FT Vest Growth-100 Buffer ETF - March (QMAR) seeks to provide exposure to the growth of the Nasdaq-100 Index while offering downside protection through a defined outcome strategy. This buffer ETF uses options to limit losses to approximately 10-15% while capping upside gains, resetting annually each March.
How It Works
QMAR employs a sophisticated options overlay strategy that purchases protective puts and sells call options on the Nasdaq-100 Index to create a defined risk-return profile. The fund resets its buffer and cap levels each March, establishing new downside protection and upside limits for the upcoming 12-month period.
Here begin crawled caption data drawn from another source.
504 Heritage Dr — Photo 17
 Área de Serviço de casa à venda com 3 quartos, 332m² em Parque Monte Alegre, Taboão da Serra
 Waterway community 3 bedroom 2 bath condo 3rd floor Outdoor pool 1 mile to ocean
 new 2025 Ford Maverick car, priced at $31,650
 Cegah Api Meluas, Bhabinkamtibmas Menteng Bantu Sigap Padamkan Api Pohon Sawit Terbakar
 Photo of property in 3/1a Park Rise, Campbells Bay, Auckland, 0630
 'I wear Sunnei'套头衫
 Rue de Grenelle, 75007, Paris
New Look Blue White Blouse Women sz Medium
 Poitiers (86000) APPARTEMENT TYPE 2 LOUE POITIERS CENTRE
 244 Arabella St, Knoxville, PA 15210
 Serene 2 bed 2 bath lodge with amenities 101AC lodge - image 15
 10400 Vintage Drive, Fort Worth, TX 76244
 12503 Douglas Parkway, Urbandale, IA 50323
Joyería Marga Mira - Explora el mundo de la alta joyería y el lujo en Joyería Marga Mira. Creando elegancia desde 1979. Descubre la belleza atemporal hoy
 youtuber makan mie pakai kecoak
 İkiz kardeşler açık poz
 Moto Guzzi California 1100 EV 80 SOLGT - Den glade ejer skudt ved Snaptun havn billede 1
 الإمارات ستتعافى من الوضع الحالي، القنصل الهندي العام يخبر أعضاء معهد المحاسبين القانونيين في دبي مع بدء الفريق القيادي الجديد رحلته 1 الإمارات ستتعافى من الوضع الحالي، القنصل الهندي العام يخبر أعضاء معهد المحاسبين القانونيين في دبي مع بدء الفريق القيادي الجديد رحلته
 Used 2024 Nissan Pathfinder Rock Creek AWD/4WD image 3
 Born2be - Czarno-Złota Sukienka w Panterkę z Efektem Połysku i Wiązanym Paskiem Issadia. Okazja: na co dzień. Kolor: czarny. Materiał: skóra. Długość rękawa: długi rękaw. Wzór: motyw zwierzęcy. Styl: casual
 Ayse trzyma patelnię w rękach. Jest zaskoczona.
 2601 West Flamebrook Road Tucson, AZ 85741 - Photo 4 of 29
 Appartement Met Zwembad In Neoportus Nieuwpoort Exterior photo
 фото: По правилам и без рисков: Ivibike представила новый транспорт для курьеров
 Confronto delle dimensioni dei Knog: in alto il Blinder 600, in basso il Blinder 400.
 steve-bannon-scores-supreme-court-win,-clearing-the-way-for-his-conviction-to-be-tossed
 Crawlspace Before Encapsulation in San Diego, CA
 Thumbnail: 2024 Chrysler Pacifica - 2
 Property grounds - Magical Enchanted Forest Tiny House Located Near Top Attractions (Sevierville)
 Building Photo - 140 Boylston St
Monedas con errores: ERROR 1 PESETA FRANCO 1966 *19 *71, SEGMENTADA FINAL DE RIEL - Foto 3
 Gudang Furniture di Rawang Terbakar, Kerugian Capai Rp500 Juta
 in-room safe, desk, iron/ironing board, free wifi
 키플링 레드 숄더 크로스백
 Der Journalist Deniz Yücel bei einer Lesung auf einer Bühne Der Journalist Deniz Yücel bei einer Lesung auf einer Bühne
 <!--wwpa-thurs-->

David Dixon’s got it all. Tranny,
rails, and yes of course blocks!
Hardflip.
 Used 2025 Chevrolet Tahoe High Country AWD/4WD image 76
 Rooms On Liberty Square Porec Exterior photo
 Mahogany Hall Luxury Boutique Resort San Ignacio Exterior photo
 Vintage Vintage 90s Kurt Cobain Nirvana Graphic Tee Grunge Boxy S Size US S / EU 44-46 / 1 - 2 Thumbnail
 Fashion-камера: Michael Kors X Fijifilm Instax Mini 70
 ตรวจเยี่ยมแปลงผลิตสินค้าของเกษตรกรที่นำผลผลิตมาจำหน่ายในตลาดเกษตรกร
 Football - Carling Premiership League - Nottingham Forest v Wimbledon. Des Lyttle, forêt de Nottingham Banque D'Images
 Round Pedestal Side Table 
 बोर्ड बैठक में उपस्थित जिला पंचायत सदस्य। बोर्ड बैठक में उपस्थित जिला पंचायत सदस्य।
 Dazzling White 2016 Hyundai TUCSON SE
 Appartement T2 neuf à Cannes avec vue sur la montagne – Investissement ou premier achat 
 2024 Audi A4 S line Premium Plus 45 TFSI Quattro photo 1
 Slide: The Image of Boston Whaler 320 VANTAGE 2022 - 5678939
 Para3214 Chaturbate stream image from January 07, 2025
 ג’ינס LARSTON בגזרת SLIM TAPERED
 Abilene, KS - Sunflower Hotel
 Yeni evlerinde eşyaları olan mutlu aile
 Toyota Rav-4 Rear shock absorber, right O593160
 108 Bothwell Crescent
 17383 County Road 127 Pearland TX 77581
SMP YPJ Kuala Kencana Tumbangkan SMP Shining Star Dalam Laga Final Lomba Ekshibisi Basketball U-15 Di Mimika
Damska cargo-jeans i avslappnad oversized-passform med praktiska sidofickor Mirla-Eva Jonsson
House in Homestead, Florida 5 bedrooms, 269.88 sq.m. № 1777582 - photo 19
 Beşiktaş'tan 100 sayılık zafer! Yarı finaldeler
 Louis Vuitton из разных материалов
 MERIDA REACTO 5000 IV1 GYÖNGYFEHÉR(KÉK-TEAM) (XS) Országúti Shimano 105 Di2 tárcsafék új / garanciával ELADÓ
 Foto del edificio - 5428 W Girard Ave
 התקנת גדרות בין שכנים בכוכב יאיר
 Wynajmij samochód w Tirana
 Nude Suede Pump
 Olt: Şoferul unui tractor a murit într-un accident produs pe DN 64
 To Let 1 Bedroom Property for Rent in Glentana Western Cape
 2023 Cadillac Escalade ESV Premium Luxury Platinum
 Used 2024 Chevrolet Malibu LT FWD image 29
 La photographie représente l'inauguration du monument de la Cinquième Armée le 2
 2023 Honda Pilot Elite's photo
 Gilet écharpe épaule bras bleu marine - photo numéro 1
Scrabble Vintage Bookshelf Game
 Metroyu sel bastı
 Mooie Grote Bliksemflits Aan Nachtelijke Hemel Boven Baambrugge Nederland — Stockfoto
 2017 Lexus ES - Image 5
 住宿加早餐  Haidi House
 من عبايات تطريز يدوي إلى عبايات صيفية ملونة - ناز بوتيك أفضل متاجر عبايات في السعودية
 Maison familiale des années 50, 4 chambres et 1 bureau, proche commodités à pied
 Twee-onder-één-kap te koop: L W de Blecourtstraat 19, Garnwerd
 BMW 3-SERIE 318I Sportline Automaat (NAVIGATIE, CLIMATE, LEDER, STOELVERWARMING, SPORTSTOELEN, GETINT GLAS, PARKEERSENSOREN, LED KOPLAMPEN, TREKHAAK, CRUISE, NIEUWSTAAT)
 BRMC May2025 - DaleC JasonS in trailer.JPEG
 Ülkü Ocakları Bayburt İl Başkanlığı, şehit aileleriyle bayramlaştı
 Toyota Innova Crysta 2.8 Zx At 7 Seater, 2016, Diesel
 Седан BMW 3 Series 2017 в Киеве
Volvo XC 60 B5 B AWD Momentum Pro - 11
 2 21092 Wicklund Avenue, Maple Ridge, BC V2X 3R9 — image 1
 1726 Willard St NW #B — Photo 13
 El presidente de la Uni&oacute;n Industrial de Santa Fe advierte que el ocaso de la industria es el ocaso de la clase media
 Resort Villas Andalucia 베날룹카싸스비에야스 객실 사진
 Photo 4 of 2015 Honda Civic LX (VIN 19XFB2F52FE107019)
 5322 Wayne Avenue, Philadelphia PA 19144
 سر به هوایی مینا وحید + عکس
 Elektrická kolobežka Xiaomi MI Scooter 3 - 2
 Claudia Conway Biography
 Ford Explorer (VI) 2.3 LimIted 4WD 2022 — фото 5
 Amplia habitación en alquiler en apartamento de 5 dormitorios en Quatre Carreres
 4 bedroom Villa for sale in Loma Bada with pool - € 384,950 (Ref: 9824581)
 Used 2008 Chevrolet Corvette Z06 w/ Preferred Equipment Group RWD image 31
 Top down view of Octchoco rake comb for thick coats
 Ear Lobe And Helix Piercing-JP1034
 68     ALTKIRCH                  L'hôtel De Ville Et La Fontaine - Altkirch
This active options-based approach requires continuous monitoring and adjustment of derivatives positions to maintain the targeted outcome range throughout the annual cycle.
Key Features
- Provides 10-15% downside buffer protection against Nasdaq-100 losses while maintaining upside exposure to technology growth
- Annual reset in March allows investors to lock in new protection levels and upside caps
- Eliminates need for individual investors to construct complex options strategies on high-growth technology stocks
Risks
- This ETF can lose value if Nasdaq-100 declines exceed the buffer level, exposing investors to full losses beyond the protection threshold
- Upside gains are capped at predetermined levels, potentially missing significant technology rallies that exceed the annual ceiling
- Options strategies create complexity risk where derivatives may not perform as expected during extreme market volatility or liquidity crunches
Who Should Own This
Best suited for conservative growth investors with 1-year holding periods who want technology exposure with downside protection. Medium risk tolerance required as losses can still occur beyond buffer levels. Works as a satellite holding (5-15% allocation) for investors seeking defined outcomes rather than unlimited upside potential.